Many investors wonder whether Close Brothers’ new business pipeline may have softened in the context of political obstruction to the “delivery of Brexit”. Business hates uncertainty. However, our favourite forward-looking data-point seemingly reinforces the management commentary; undrawn commitments of <1 year increased to £1,100.6m at 31 July 2019, the second highest year-end total on record. We think that constitutes a “resilient” outlook.

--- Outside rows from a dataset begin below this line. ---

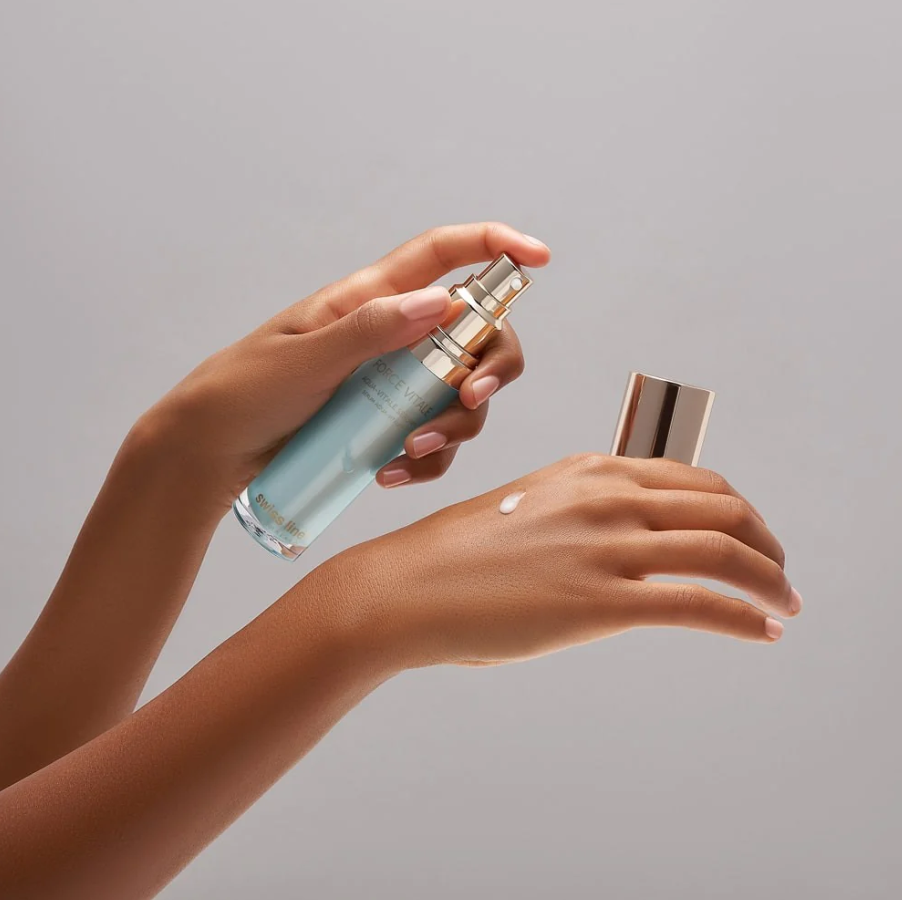 Force Vitale Aqua-Vitale Serum 24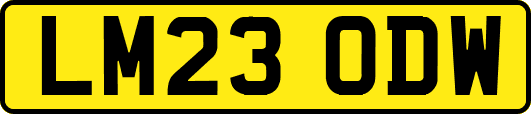 LM23ODW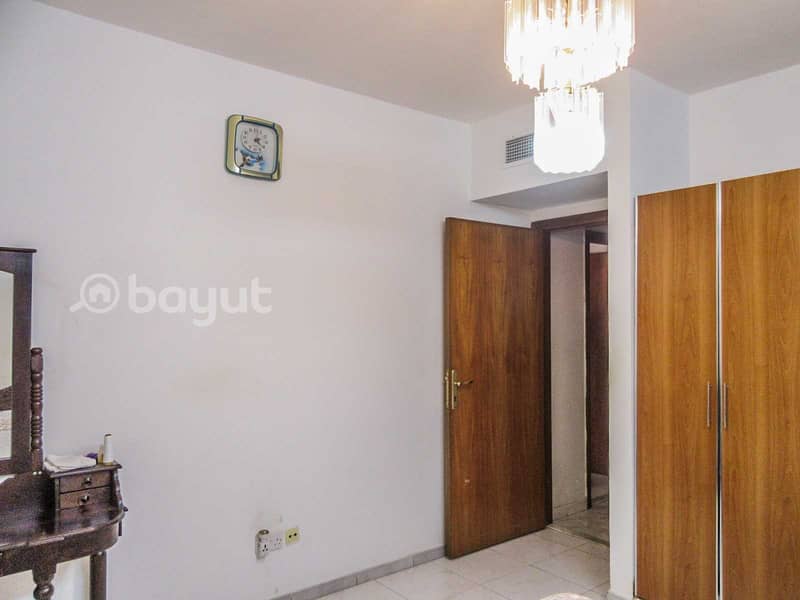 11 Spacious 1 BR hall in Bur Dubai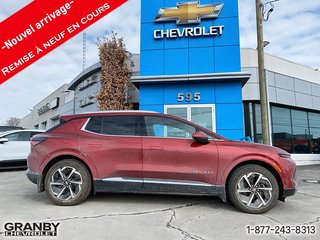 2025 Chevrolet Equinox EV LT GROUPE COMMODITE 2 TRACTION AVANT in Granby, Quebec - 4 - w320h240px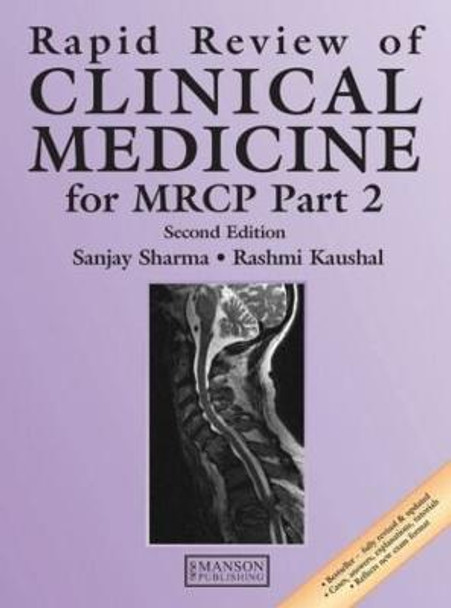 Rapid Review of Clinical Medicine for MRCP Part 2 by Sanjay Sharma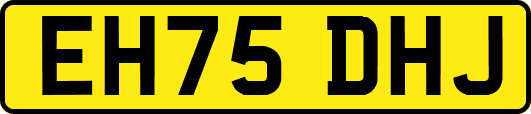 EH75DHJ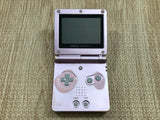 GameBoy Advance SP Pearl Pink Console Nintendo Japan - With Defects LH1090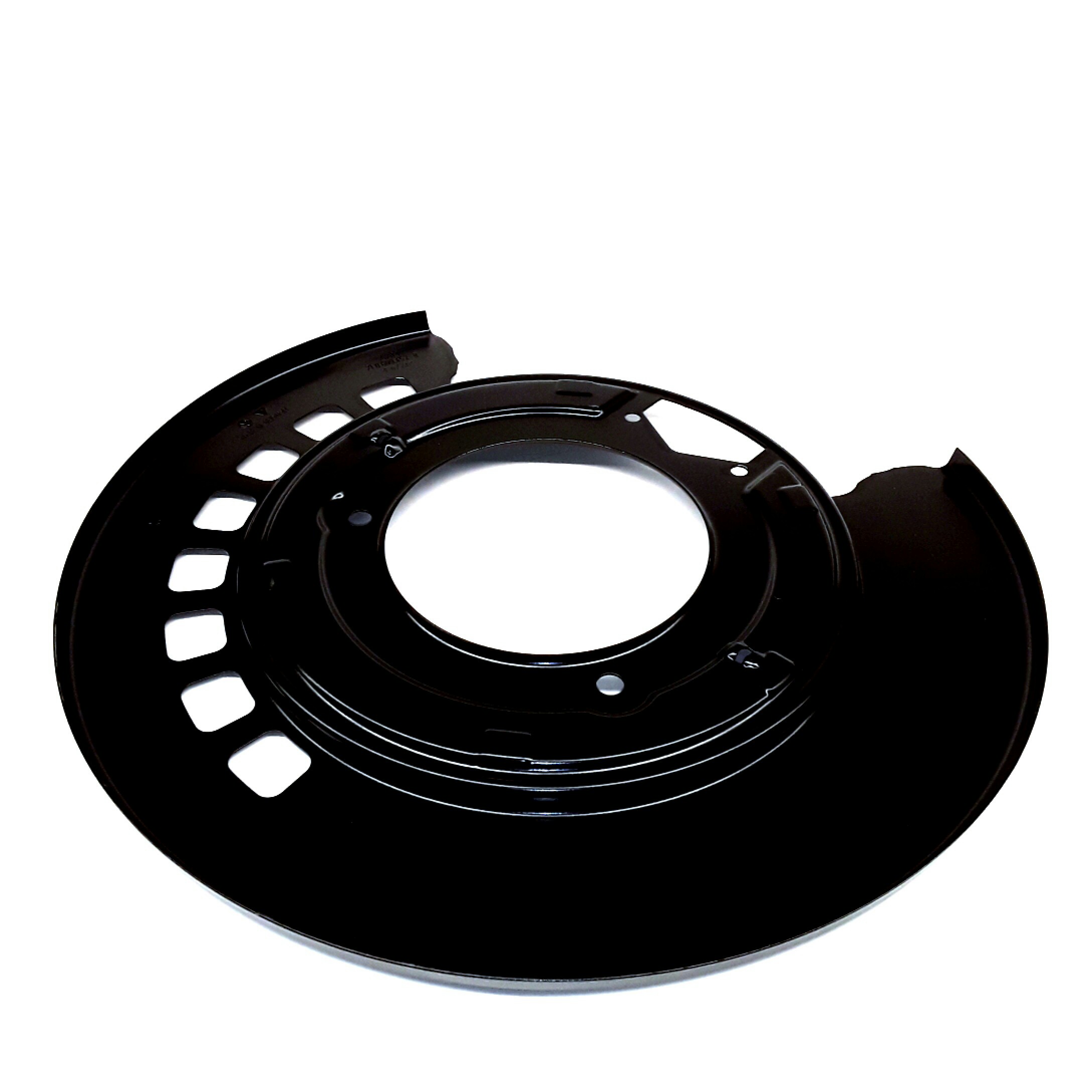Backing Plate 7L0-609-452-B - View 2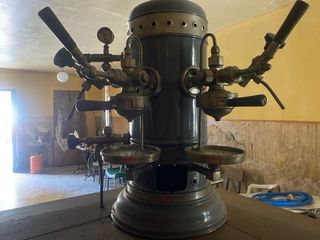 Cafetera Delta Rentería Vintage Profesional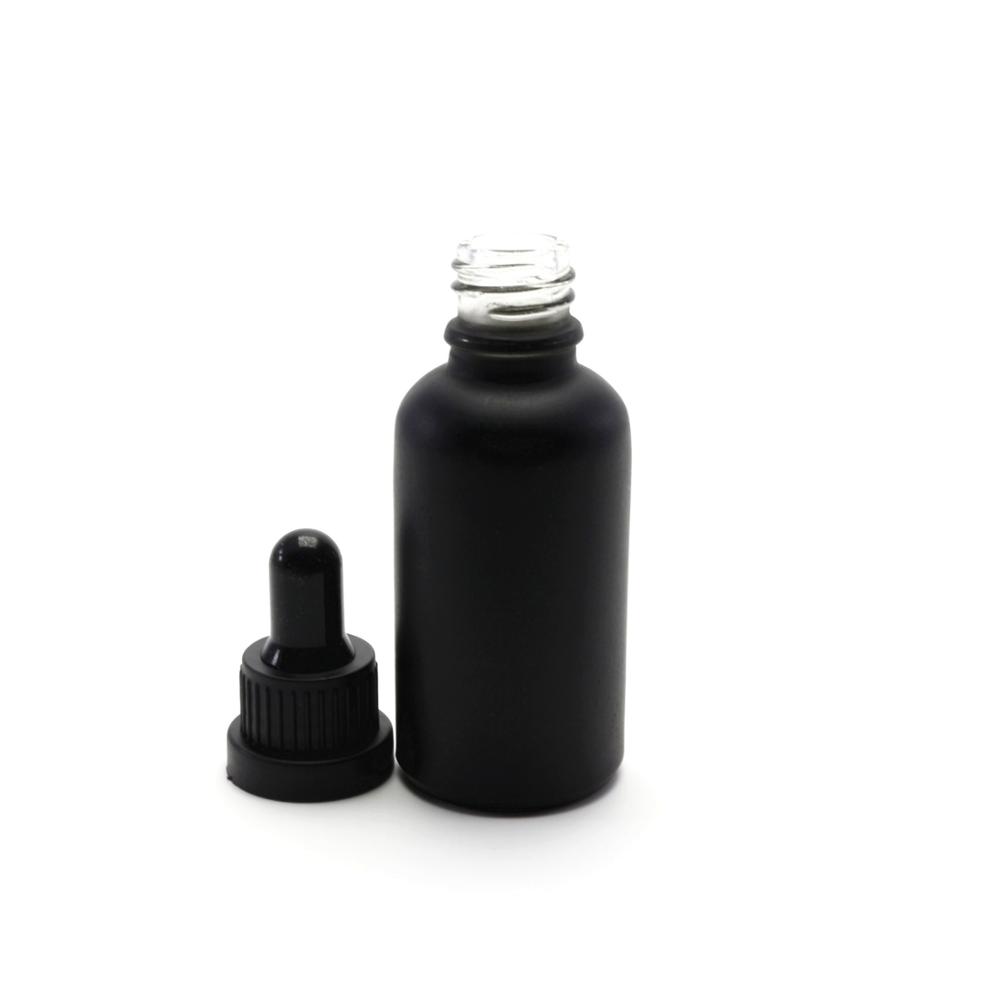 30ml pharmaceutical glass medical bottle with dropper cap RD-107RL
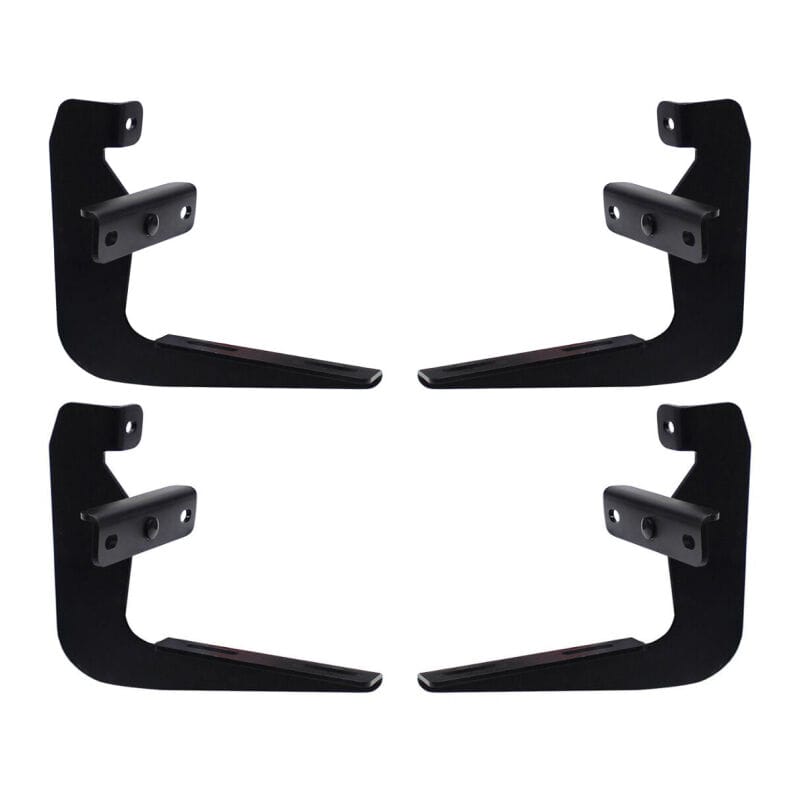 Westin — Westin 2015-2018 Ford F-150 Reg/SuperCab Running Board Mount Kit - Black
RngBrdMntKt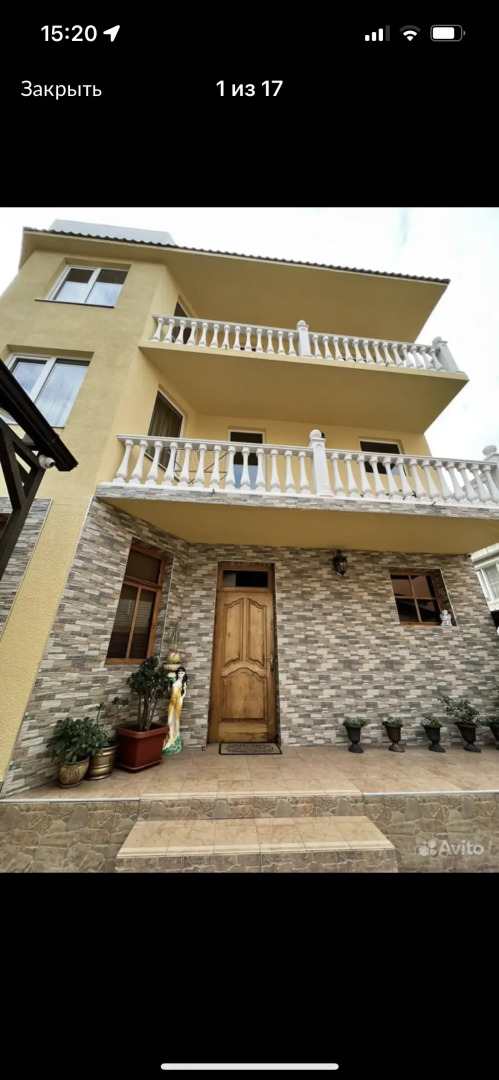 Гостевой дом Сюзи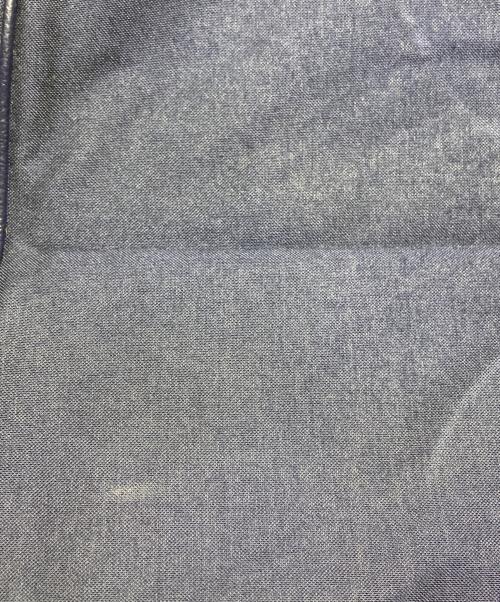 RALPH LAUREN（ラルフローレン）RALPH LAUREN (ラルフローレン) ボストンバッグ ネイビーの古着・服飾アイテム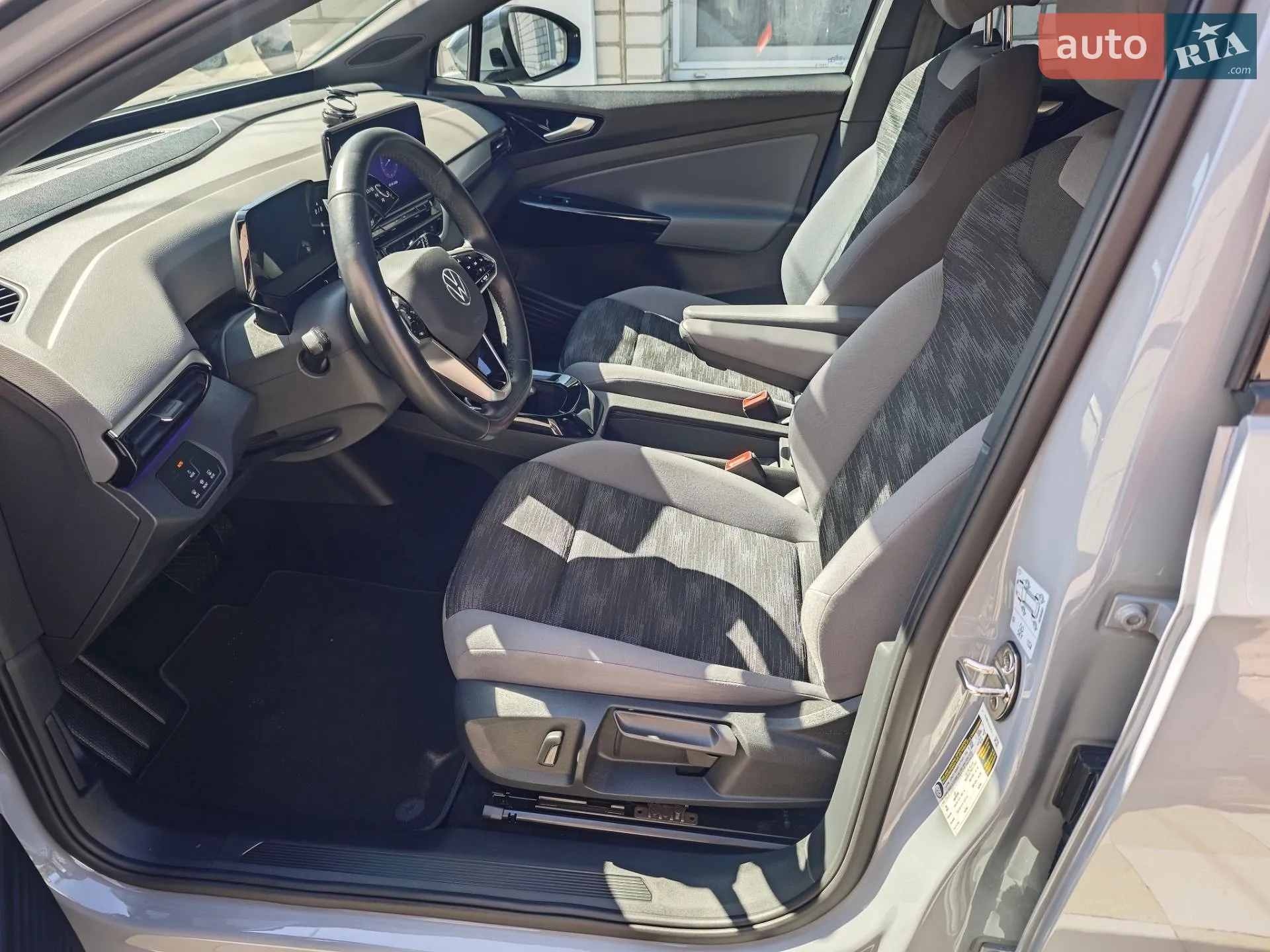 2021 Volkswagen ID.4 - мініатюра 38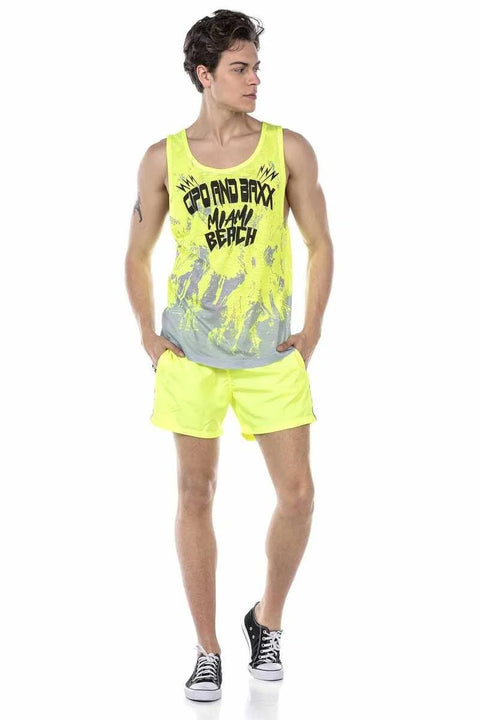 CUK245 Sea Shorts Athlete Set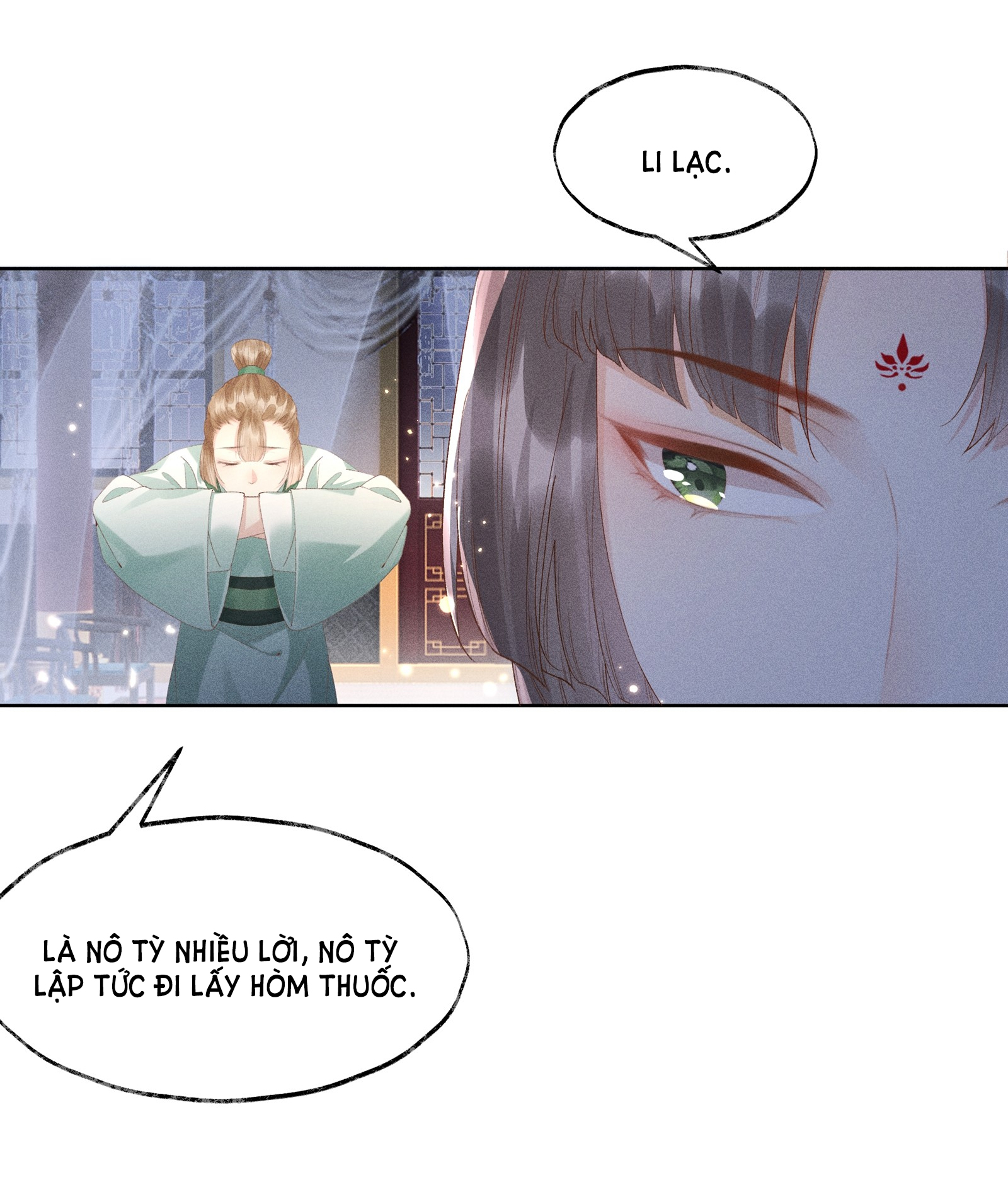 công chúa bất đắc dĩ thật phúc hắc chapter 6 12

The FY19 outturn reflected negative jaws across all divisions, partially offset by low impairments. Underlying EPS declined by 2% YoY to 136.7p, but with strong dividend cover and an increasing CET1 ratio, we still model DPS of 69p/72/75p for FY20/21/22e; a FY22e yield of 5.3%.
Loan growth (5.7% YoY) was “solid” in FY19 and we now model growth of 5.2/4.6/4.2% through FY20/21/22e. Weakness in the FY19 outturn was largely confined to the (relatively small) Securities and Asset Management divisions. The Banking Division remained resilient.
Our EPS forecasts are virtually unchanged, and on 1.6x FY20e tNAV for ROTEs of 16.7/15.9/14.9% through FY20/21/22e, our TP moves to 1415p (from 1410p); we retain a Hold recommendation.